I've said it on this site and others before, but I feel like the most accurate representation of how I feel as an individual in culture is Spock in the Abrams Star Trek (I'm not a huge Star Trek fan so I don't know how much it was explored in the original series), but there's no sense of ultimate self-realization that's occurred yet and I'm in my early 30's now.
I kind of struggle with it to be honest, and I often try to handwave it away with thoughts like "well you'll just feel this lonely and isolated culturally the rest of your life so stop struggling with it and stop thinking about it." I can't deny that Korean food in particular feels like a huge comfort thing to me but I never feel "at home" in a Korean establishment because my part-Korean heritage is so relatively unknown and limited, and it's no longer obviously visible in my physical presentation.
Thanks for this in particular, as it so accurately reflects my experience as well and made me kinda emotional tbh.
I'm a uhh "full-blooded" Iranian, who was born and raised in a Western European country. My father emigrated shortly after the Iranian revolution to come and study, but never thought that those Islamists would stay in power for so long and well, as such he stayed here ever since - even though he originally had no intention to do so. He married my mum, whom he met on a trip back to Iran, and I was born here.
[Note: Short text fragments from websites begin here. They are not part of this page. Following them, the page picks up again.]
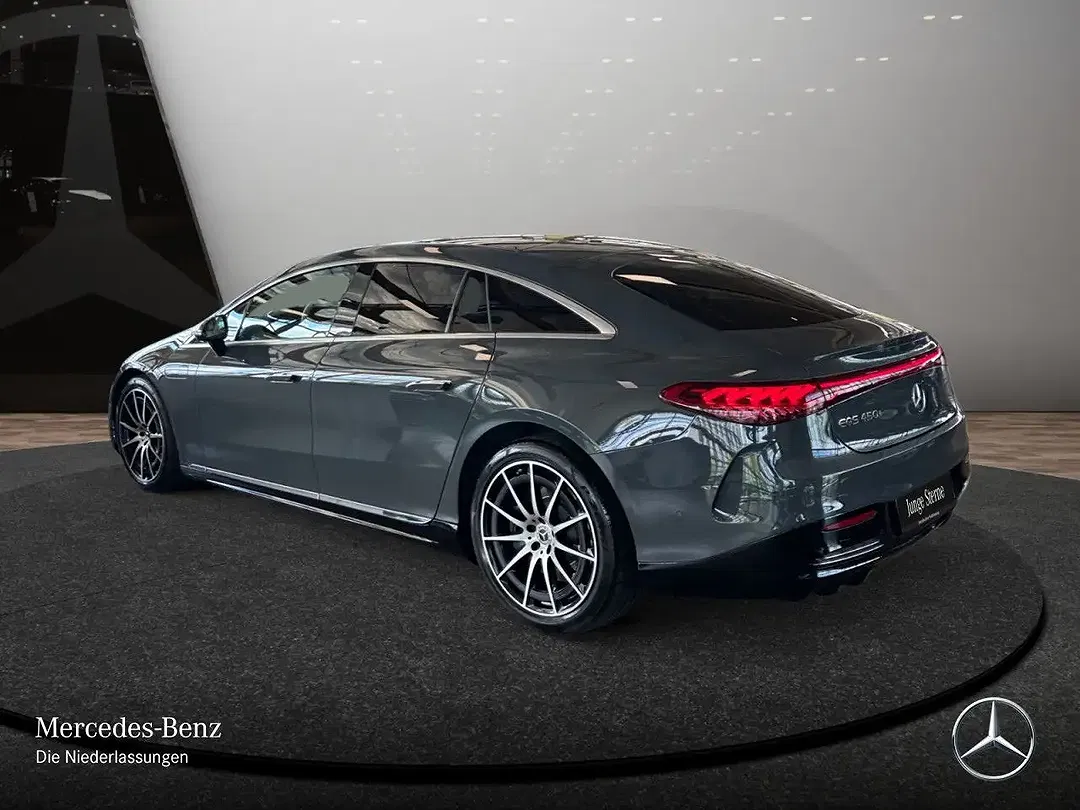 Mercedes-Benz EQS 450 AMG Burmester - Thumbnail 9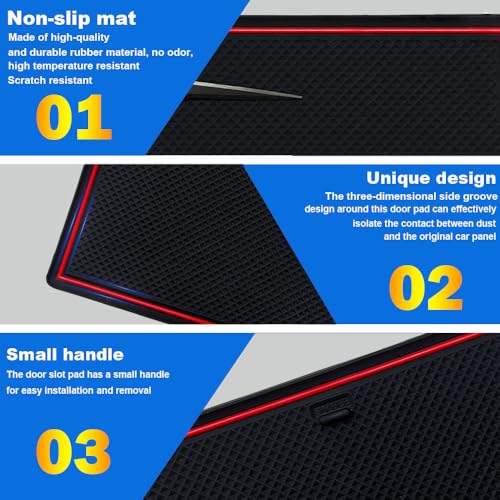 Tapetes Insertables para Portavasos Ford F150 2021-2025 miniatura 4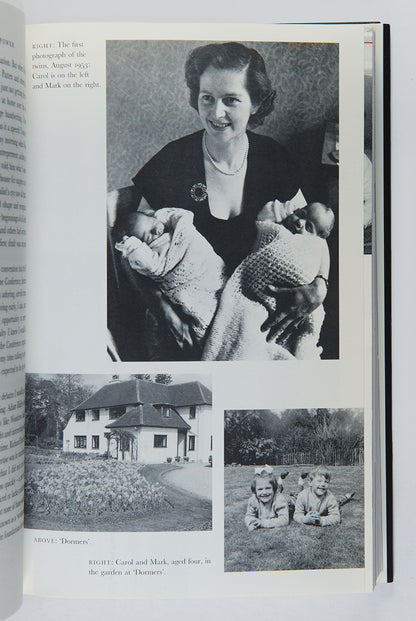 A first edition of Margaret Thatcher's autobiography The Path to Power, signed by Lady Thatcher on the title page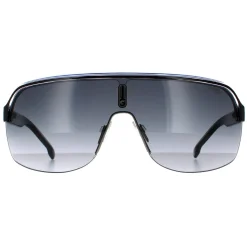 Carrera Sunglasses Topcar 1/N T5C 9O Black Crystal White Blue Dark Gre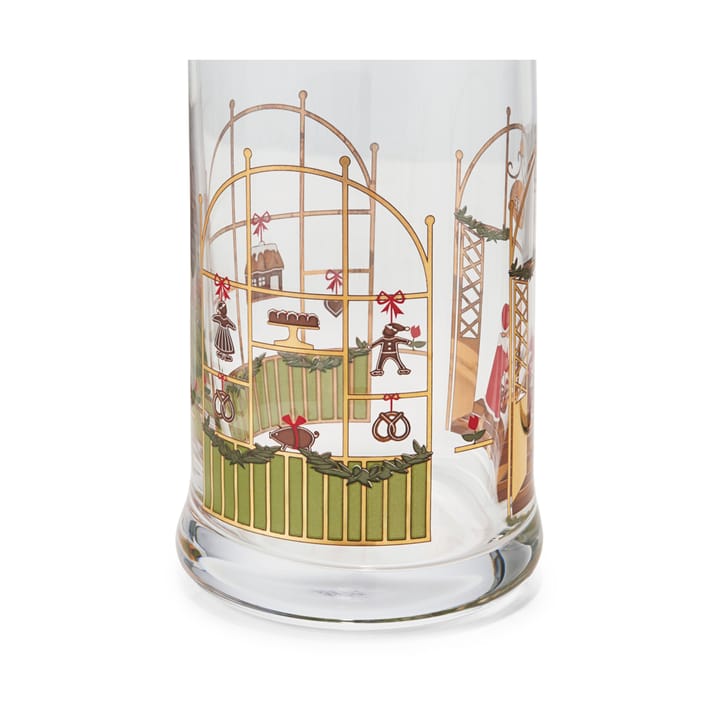 Holmegaard Christmas julevandglas 28 cl, 2023 Holmegaard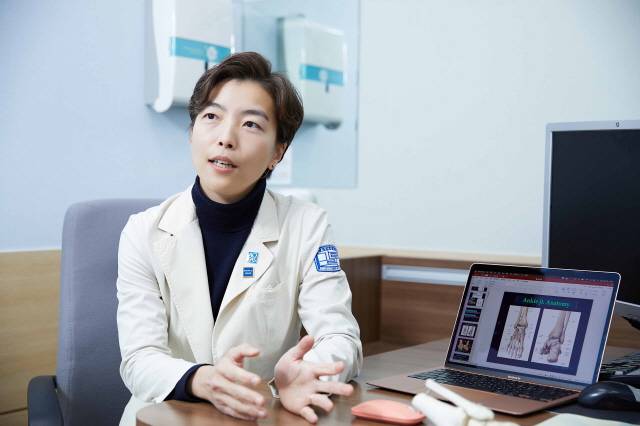 가톨릭대 성빈센트병원 정형외과 김윤정 교수/가톨릭대 성빈센트병원 제공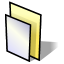BeOS Documents Folder 1 Icon 64x64 png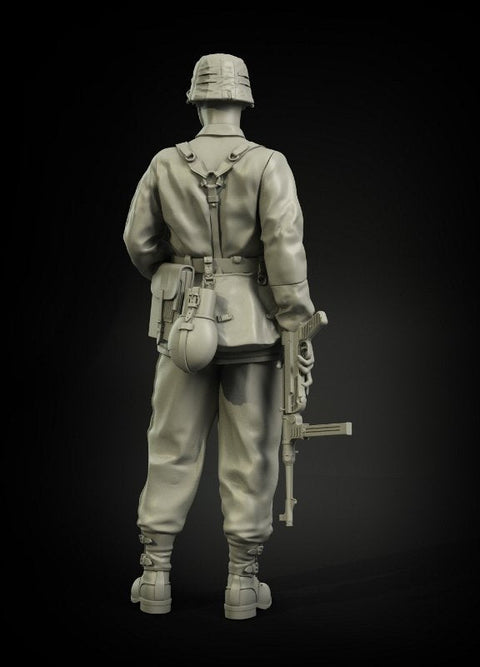 パンツァーアート FI35-033 1/35 WWIIドイツ 武装親衛隊 下士官 ノルマンディ 44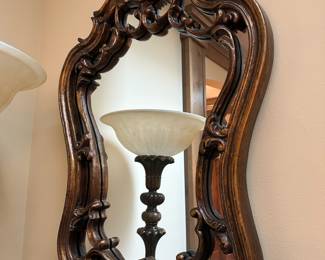 Louis XV Style Wall Mirror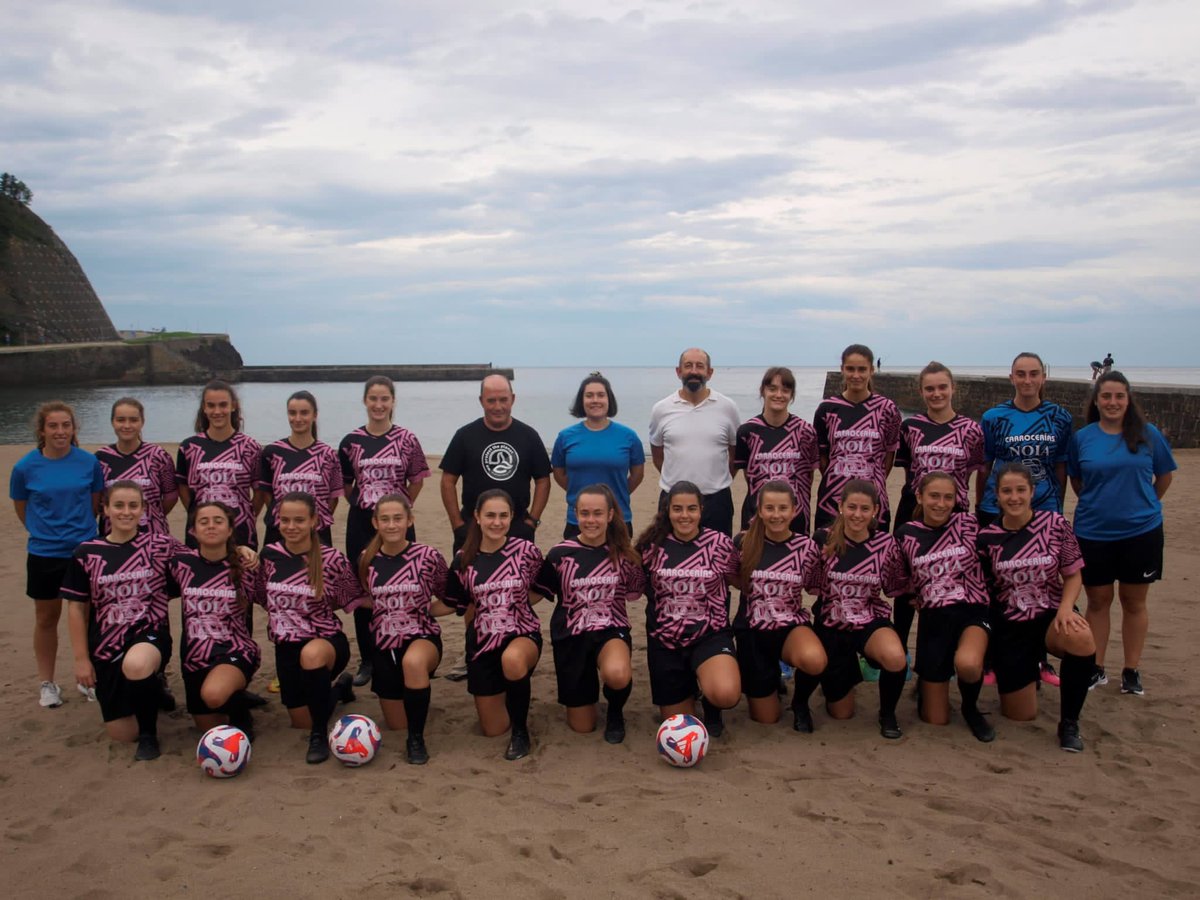 Mutrikuko eta Debako emakume futbolaren proiektura Hondarbeltz deitu dugu, eta hara joan gera aurkezpena egitera 

#Aupa Hondarbeltz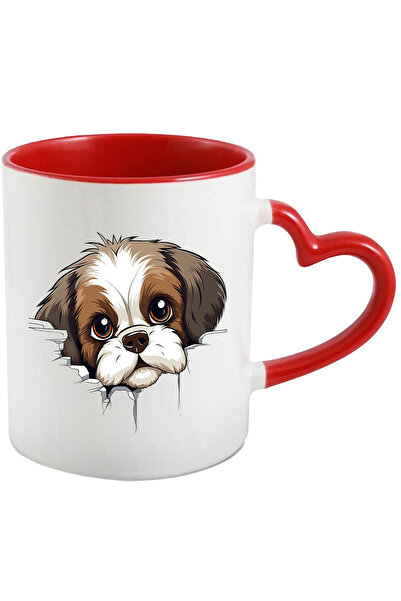 StoryGift Romania Cana cu un catel surprins | ilustratie | pentru iubitorii d...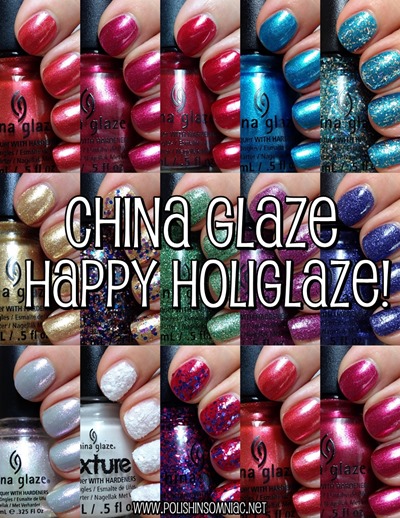 China Glaze Happy HoliGlaze 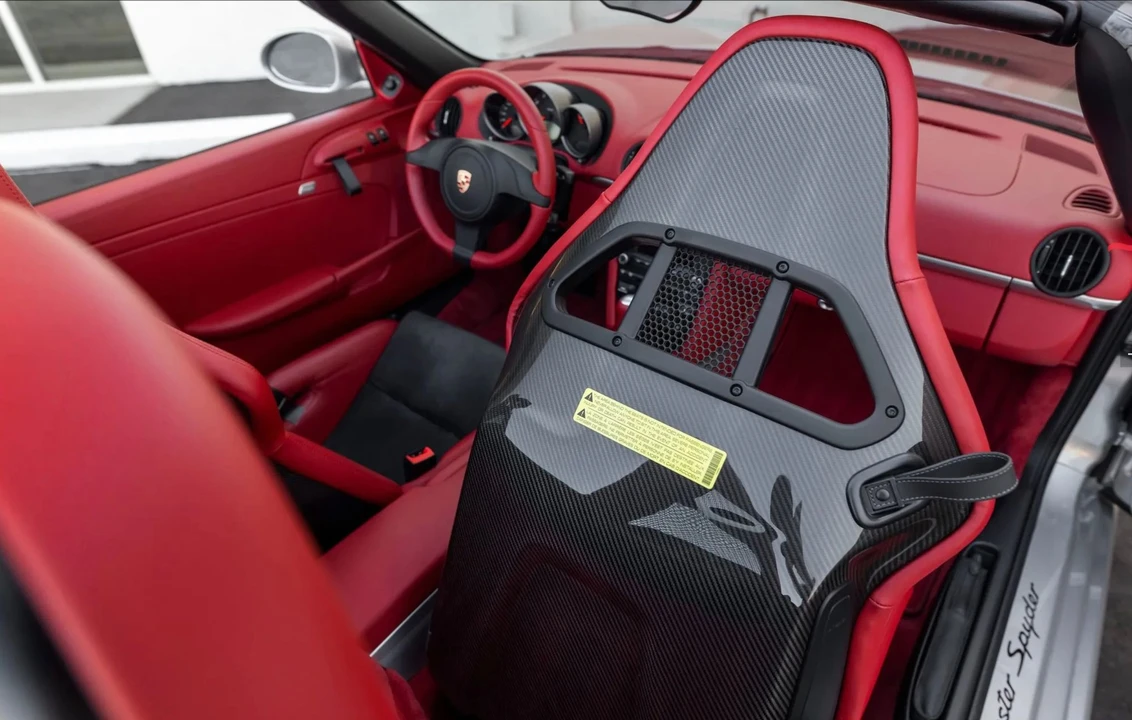 2011 Porsche 987 Boxster Spyder - Image 10 of 19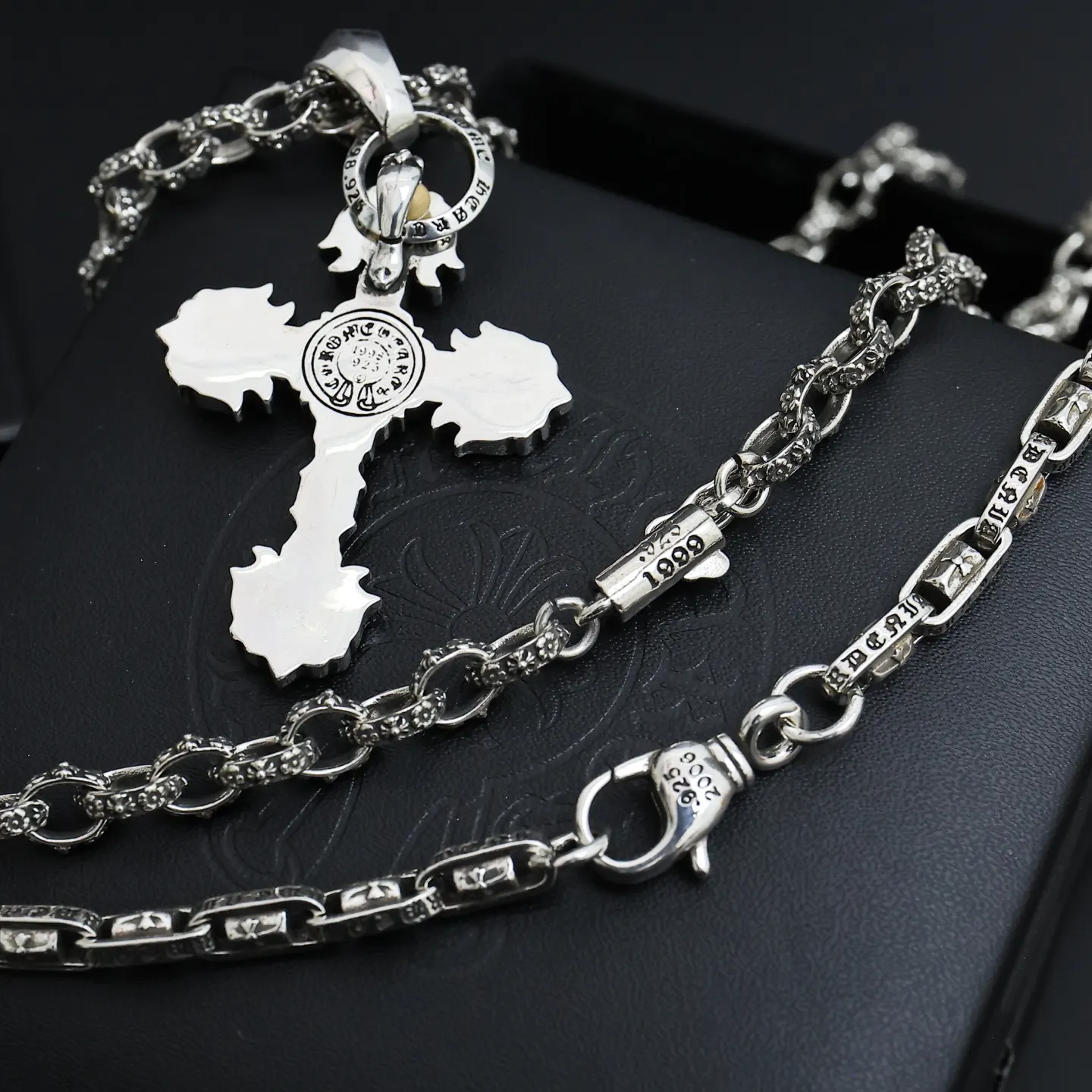Chrome Hearts 项链 精致锁骨链款 款5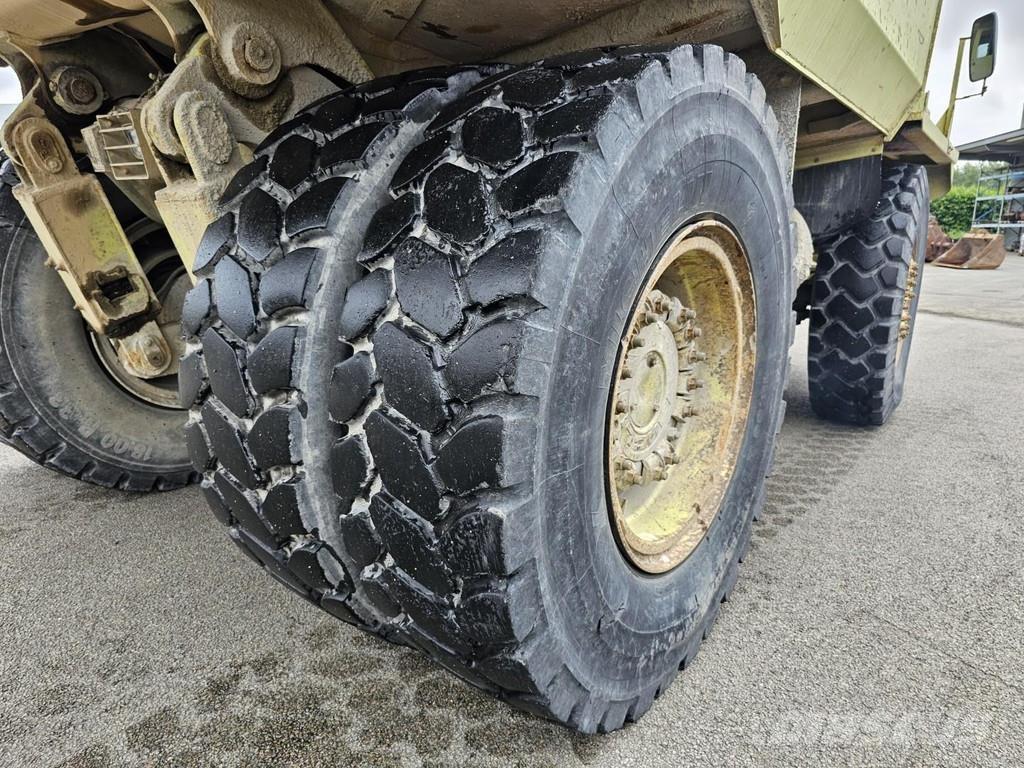 Euclid R35 アーティキュレート式ダンプトラック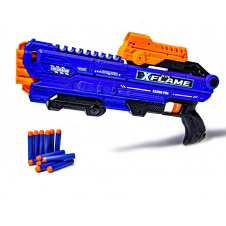 Бластер Jiplixin Xstorm 46 см Blue and Black (1414814495)
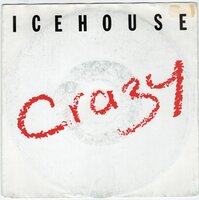 Icehouse - Crazy + No pronises (live) (Vinylsingle)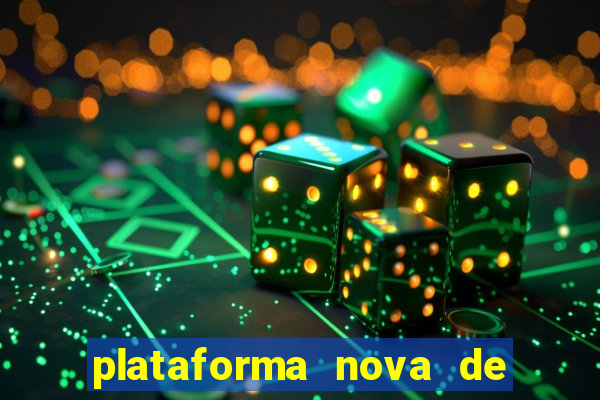 plataforma nova de 3 reais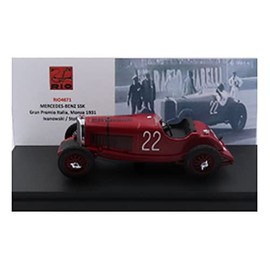 Mercedes SSK SSK 7.1L S6 N.22 F1 G.P.Italy Monza 1931 Ivanowski Stuff 1:43 - Rio RI4671 - Auto Competition - Die Cast - Model Making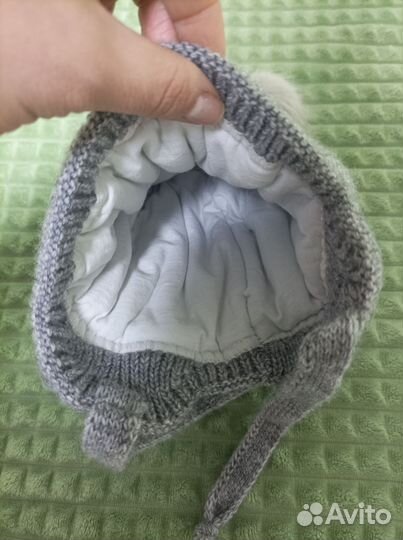 Шапка зимняя детская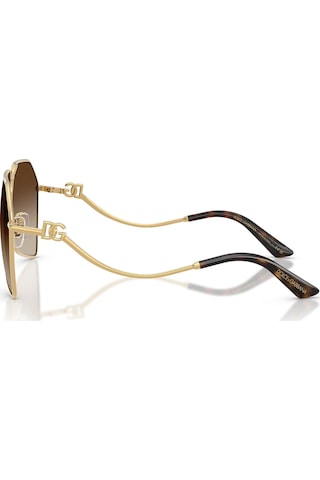 Dolce Gabbana Dg2326 02/13 62 Kadın Güneş Gözlüğü Altın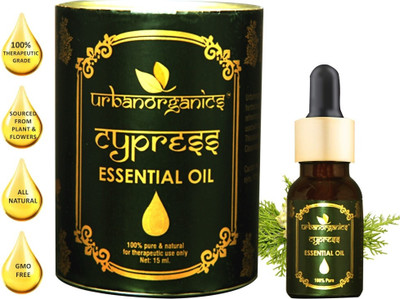 URBANORGANICS Cypress essential oil(15 ml)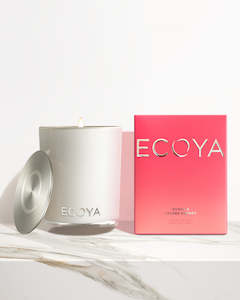 Gift Ideas For The Health Guru: Holiday: Guava & Lychee Sorbet Deluxe Madison Candle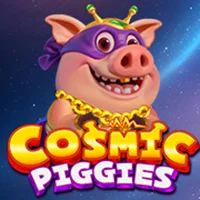 COSMIC PIGGIES slot game by Spade Gaming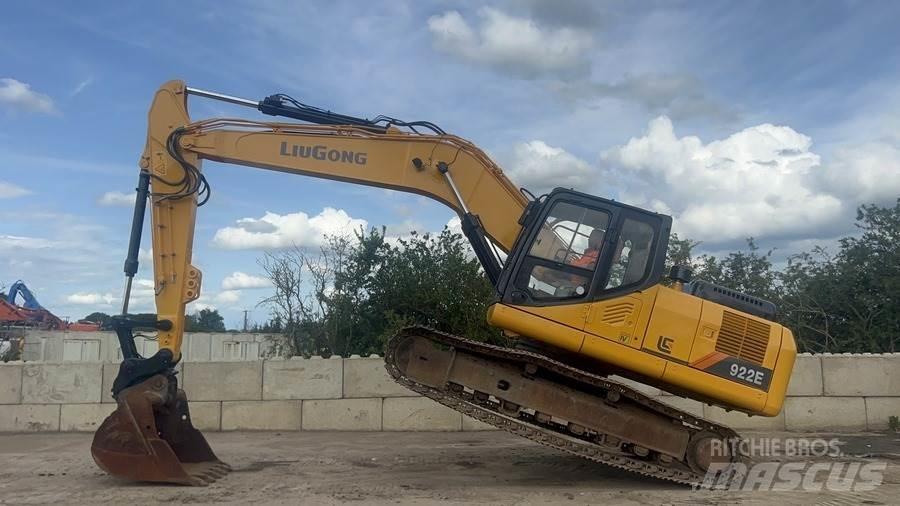 LiuGong 922 Гусеничные экскаваторы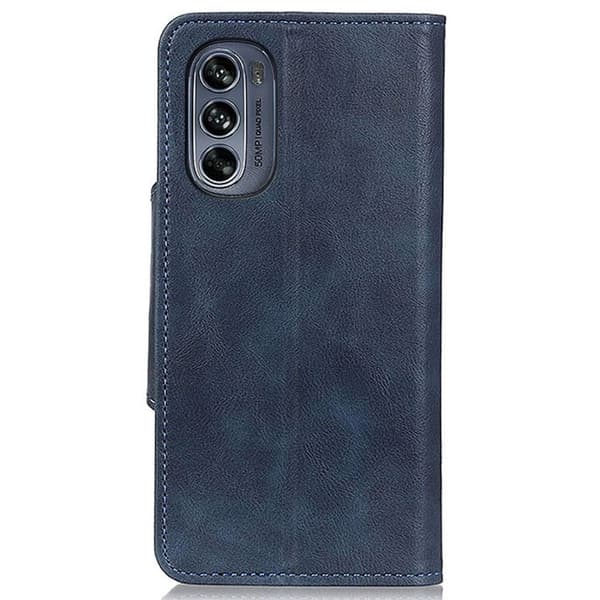 Alpha Motorola Moto G62 5g Flippetui - Blå Blue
I'm in my mid-20s now, and I'd like to think that it really doesn't define me, as in I don't make it really part of my personality per se, but it affects me heavily on a daily basis. Seeing that both my parents are Iranian, naturally I look quite Iranian, too. I'm not white (though I don't think I'm brown, either? I always go with caramel lol), I have some lush black hair, and also sport a beard. I speak Farsi, I am able to read and write Persian script (though admittedly not as good as I'd like). I grew up with Persian cuisine, and also try to keep up with Persian culture.
...and yet I always feel somewhat out of place when I go visit my relatives in Iran. I'm being told that I have foreign accent, or I notice how I don't understand some of the jokes and stuff. I'm also, even among my family or others in a similar situation, when compared to my sister for instance, a bit of a black sheep, as I don't care for contemporary Iranian pop music, or Iranian cinema (outside their great art house movies). I love rock music, I like to go on techno raves, I'm overall a bit more alternative, I drink etc. Not that my parents condemn those things, they're really open about all this, it's just that I sometimes feel we've got a lack of overlap.
At the same time, I also don't feel completely at home in German circles, which I got to especially experience with my German ex. I'm not familiar with German etiquette for instance, and feel a bit weird when I then apply my rather overly polite Iranian manners. Which also made things a bit awkward for my ex and I sometimes.
Anyway. I've since moved to a melting pot of a city and I struggle to answer the question "Where are you from?". Living in a different country now, things got easier and harder at the same time. I'm surrounded by people in a similar situation, but now I speak English all the time in a country which is not part of the UK, so I'm kinda dealing with an additional two cultures, making for a total of four lol
I'm proud of my Iranian heritage. We've got a lot of history and are literally one of the oldest cultures around. Yet I could never imagine living there, I literally couldn't even if I wanted to. But I don't look German and frankly don't feel 100% German either. And tbh this makes me anxious about my future as well.